─── Study material ───

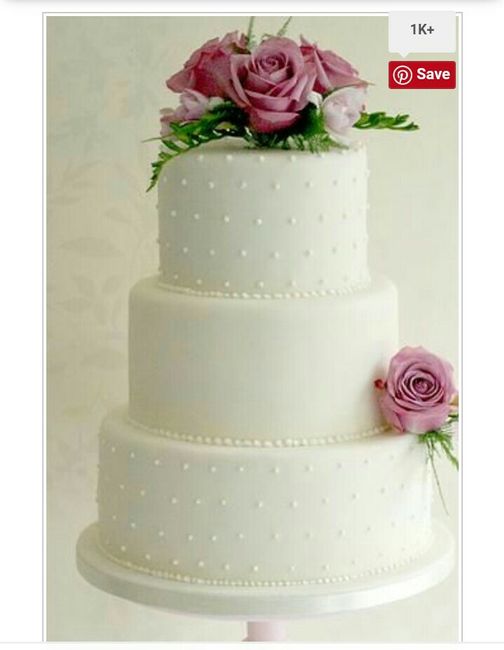  Quanto vocês estão pagando/pagaram nos doces, bem casados e bolo? - 1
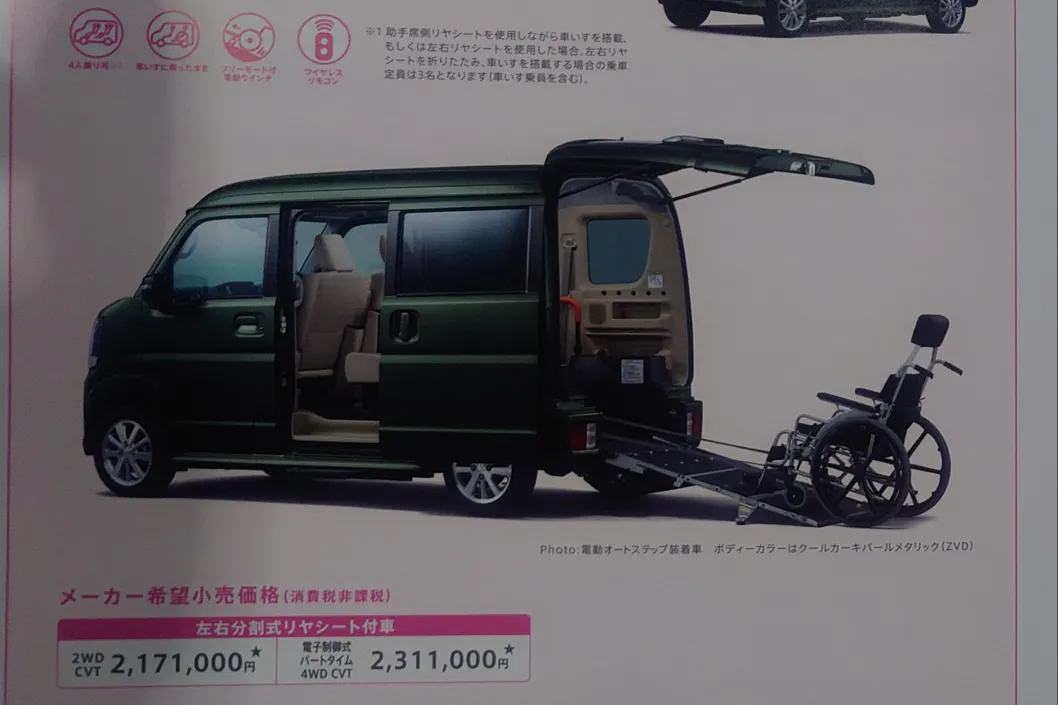 1番目のメイン画像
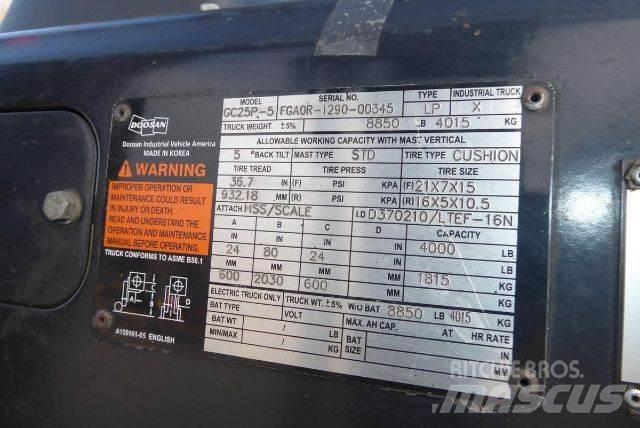 Doosan GC25P-5 Misc Forklifts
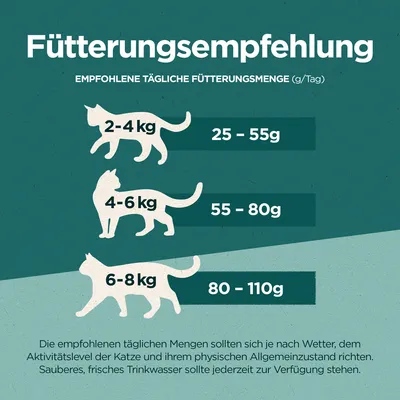 Fütterungsempfehlung für Katzen: 2-4 kg, 25-55 g; 4-6 kg, 55-80 g; 6-8 kg, 80-110 g. Sauberes Trinkwasser sollte immer bereitstehen.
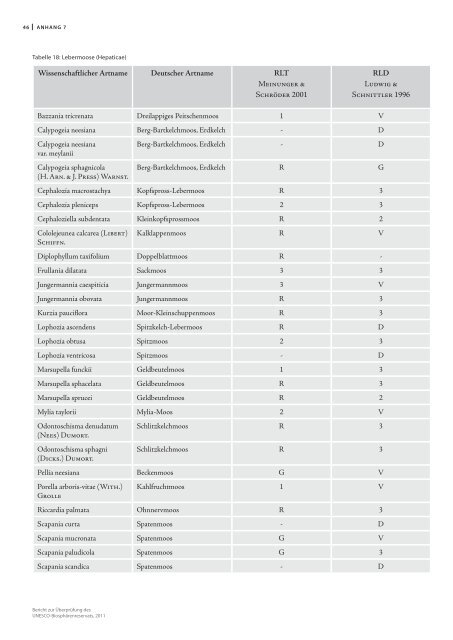 können Sie das wichtige Dokument als PDF - Biosphärenreservat ...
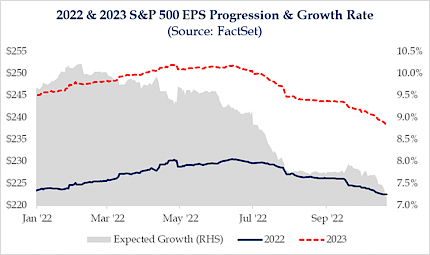 2022 & 2023 S&P 500 EPS Progression & Growth Rate (Source: FactSet)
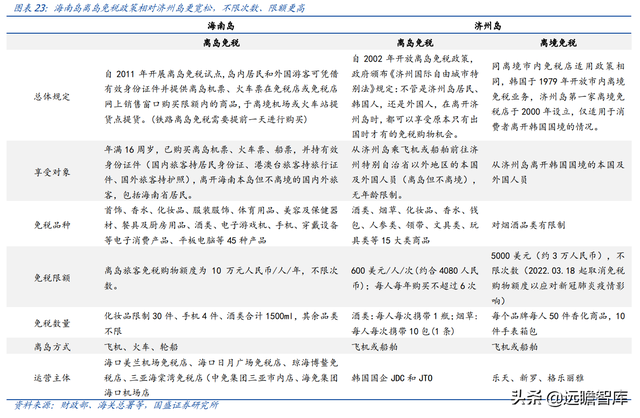 免税龙头，中国中免：一骑绝尘，采购+物流+渠道构筑壁垒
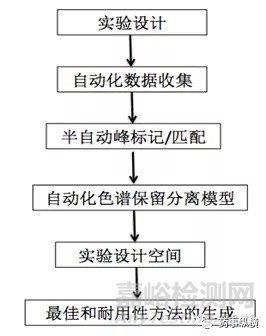 分析方法開發(fā):DoE在分析方法開發(fā)中的應(yīng)用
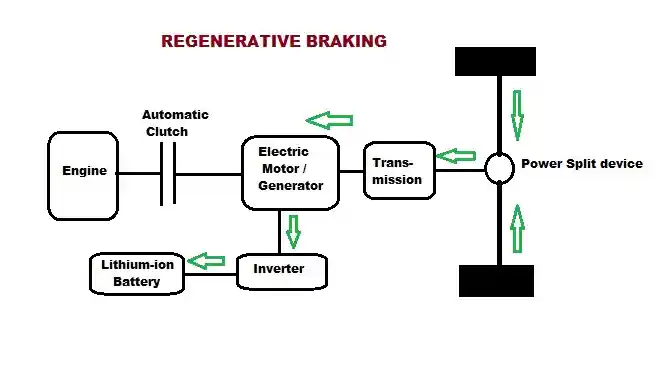 Regenerative Braking System For Automobile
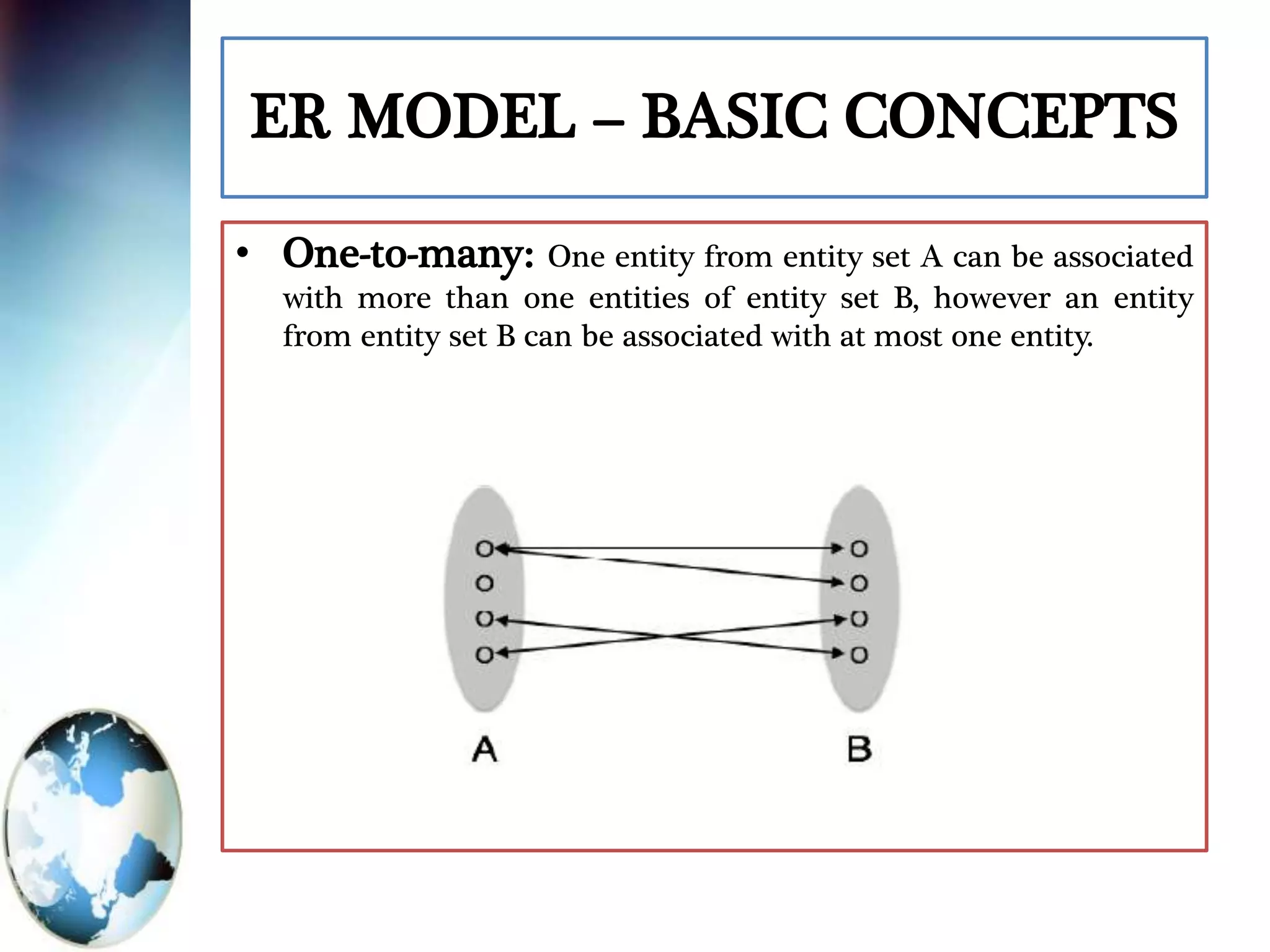 ER MODEL – BASIC CONCEPTS
• One-to-many: One entity from entity set A can be associated
with more than one entities of entity set B, however an entity
from entity set B can be associated with at most one entity.
 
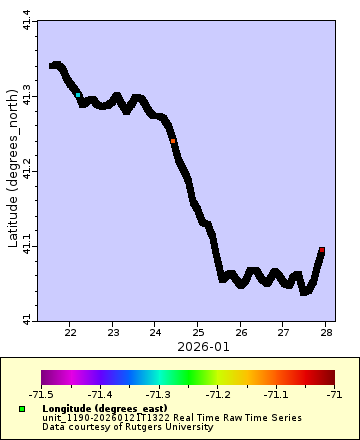 [The graph you specified. Please be patient.]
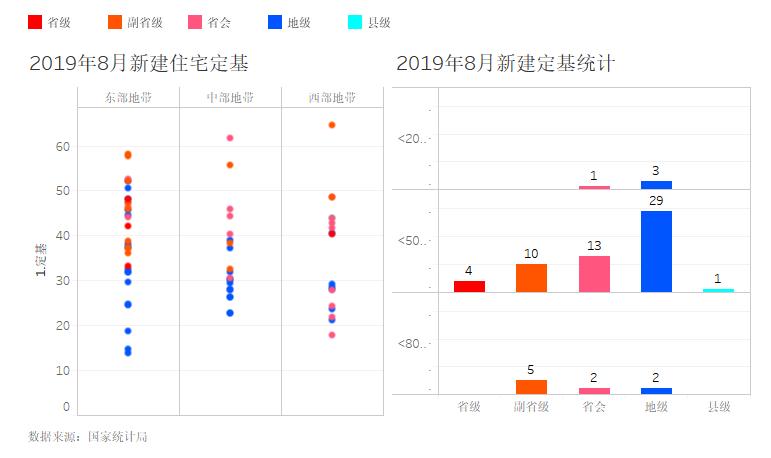 秦皇島商品房最新價(jià)格，科技重塑居住夢(mèng)想概述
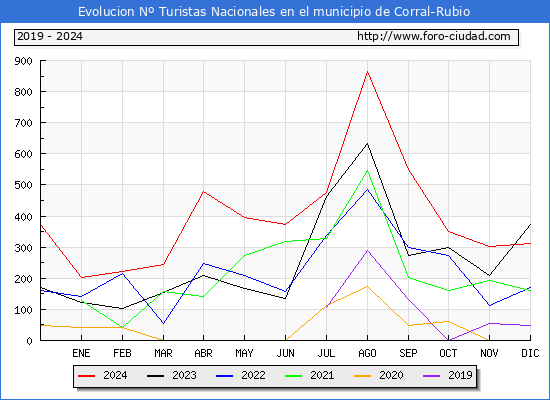 Evolucin Numero de turistas de origen Espaol en el Municipio de Corral-Rubio hasta Diciembre del 2024.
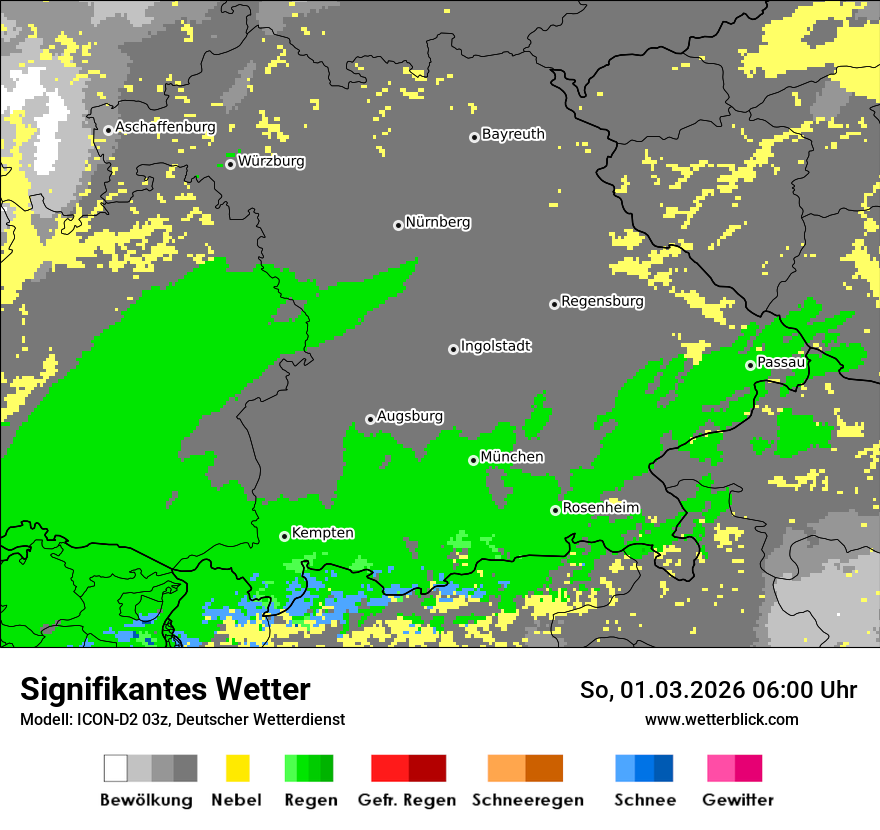 Signifikantes Wetter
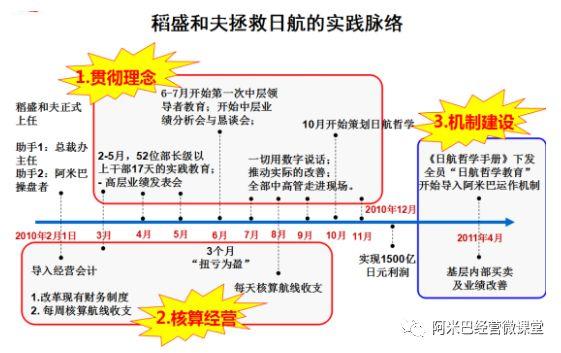 解密：稻盛和夫拯救日航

───

- Problem details:
Each line from the top of the records through the one containing "from entity set B" needs to be transcribed exactly, without pictures.

- Finished exercise:
  Quanto vocês estão pagando/pagaram nos doces, bem casados e bolo? - 1
 1番目のメイン画像
 Doosan GC25P-5 Misc Forklifts
 Fütterungsempfehlung für Katzen: 2-4 kg, 25-55 g; 4-6 kg, 55-80 g; 6-8 kg, 80-110 g. Sauberes Trinkwasser sollte immer bereitstehen.
 können Sie das wichtige Dokument als PDF - Biosphärenreservat ...
 2022 & 2023 S&P 500 EPS Progression & Growth Rate (Source: FactSet)
 免税龙头，中国中免：一骑绝尘，采购+物流+渠道构筑壁垒
 分析方法開發(fā):DoE在分析方法開發(fā)中的應(yīng)用
 Regenerative Braking System For Automobile
 ER MODEL – BASIC CONCEPTS
• One-to-many: One entity from entity set A can be associated
with more than one entities of entity set B, however an entity
from entity set B can be associated with at most one entity.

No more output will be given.